The present invention can be utilized in the medical industry, the medical information processing industry, and industries related to cancer diagnosis and prevention.

1000 : 폐암 진단 시스템
1100 : 정보 입수 모듈
1200 : 폐암 진단 모듈
1210 : 변환 모듈
1211 : Partial Dependency Plot/함수 관계 생성부
1220 : 폐암 진단 모델 생성부
1221 : 폐암 진단 모델부
1300 : 폐암 진단 정보 생성 모듈
1310 : CP 정보 생성부
1320 : 폐암 진단 모델 선택부
2000 : 바이오마커 발현량 정보 제공자단
2100 : 진단 키트
2200 : 진단 키트의 바이오마커별 발현량 정보를 독출할 수 있는 제3의 시스템
2300 : 바이오마커별 발현량 정보를 입수하는 자의 컴퓨터
3000 : 유무선 네트워크1000: Lung Cancer Diagnosis System
1100: information acquisition module
1200: Lung Cancer Diagnostic Module
1210: Conversion Module
1211: Partial Dependency Plot / function relationship generator
1220: lung cancer diagnostic model generator
1221: lung cancer diagnostic model
1300: lung cancer diagnostic information generation module
1310: CP information generation unit
1320: lung cancer diagnostic model selection unit
2000: Biomarker expression level provider
2100: Diagnostic Kits
2200: Third system capable of reading expression level information for each biomarker of a diagnostic kit
2300: Computer of a person who obtains expression level information for each biomarker
3000: wired and wireless network

Claims

In the method for using the combined biomarker information for lung cancer diagnosis of the lung cancer diagnosis system, the lung cancer diagnosis system,
(A) at least one first biomarker selected from the group of first biomarkers consisting of individual biomarkers IGF-1 and RANTES measured from blood, plasma, serum or other material taken from the body of a subject diagnosed with lung cancer Determination of the amount of expression of each biomarker of the group and the amount of expression of the second biomarker of the individual biomarkers A1AT, CYFRA21-1, proApoA1, AFP, EGFR, PAI-1, TTR, CEA, CA19-9 and ApoA1 Obtaining information;
(B) processing the expression amount information for each biomarker of the first biomarker group and the expression amount information for each biomarker of the second biomarker group and input the biomarker into a predetermined lung cancer determination model; And
(C) generating lung cancer determination information from the lung cancer determination model; lung cancer diagnostic composite biomarker information using method comprising a.

The method of claim 1,
Processing the expression level information for each biomarker in the step (B), when there is expression information of ApoA1 and expression level of proApoA1 in the second biomarker group, generates a ratio value of ApoA1 expression amount and proApoA1 expression amount The method for using the complex biomarker information for lung cancer diagnosis, characterized in that the lung cancer determination model, the expression amount of ApoA1, the expression amount of proApoA1, and the ratio of the ratio of ApoA1 expression amount and proApoA1 expression amount are injected.

The method of claim 1,
Processing the expression level information for each biomarker is to generate the expression level information for each biomarker converted using partial dependency plot or partial dependency function relationship of the ensemble method using the decision tree.
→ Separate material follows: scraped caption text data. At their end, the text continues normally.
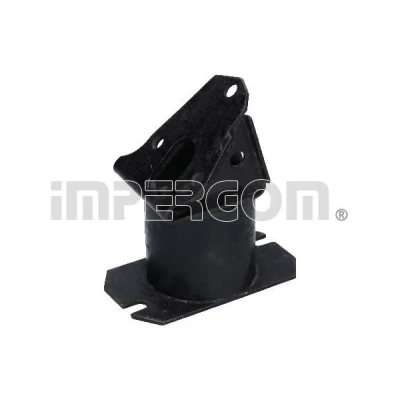 Billede af ORIGINAL IMPERIUM 28433 Motorophæng foran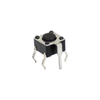 Tactile Switches - 2449-CT1102P4.3F260-ND - DigiKey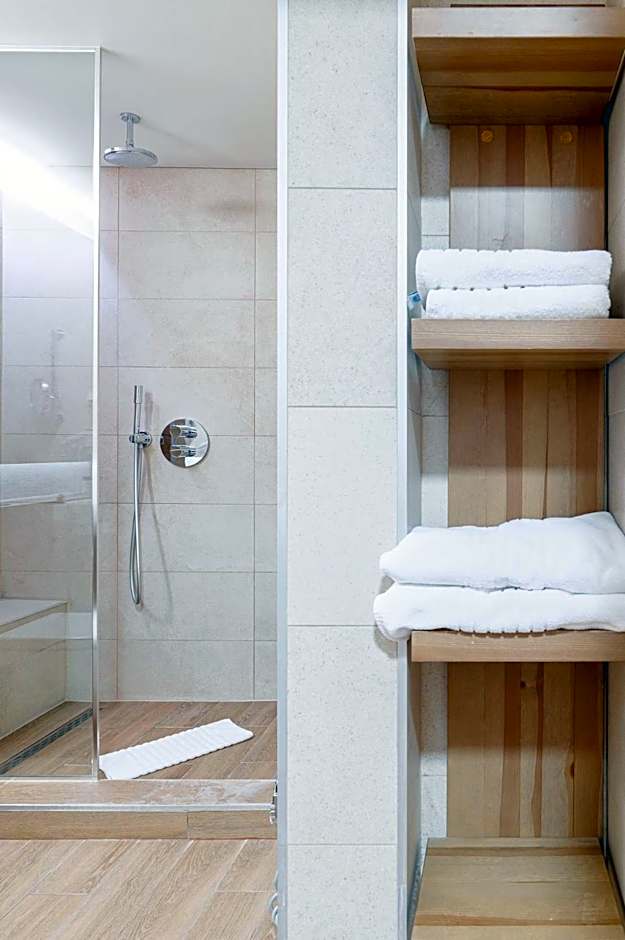 SPA VILNIUS Anykščiai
Method for using complex biomarker information for lung cancer diagnosis, characterized in that.

The method of claim 1,
The lung cancer determination model is a method for using complex biomarker information for lung cancer diagnosis, characterized in that the logistic regression model.

5. The method of claim 4,
The logistic regression model is a method for using complex biomarker information for diagnosing lung cancer, characterized by using a ridge penalty function.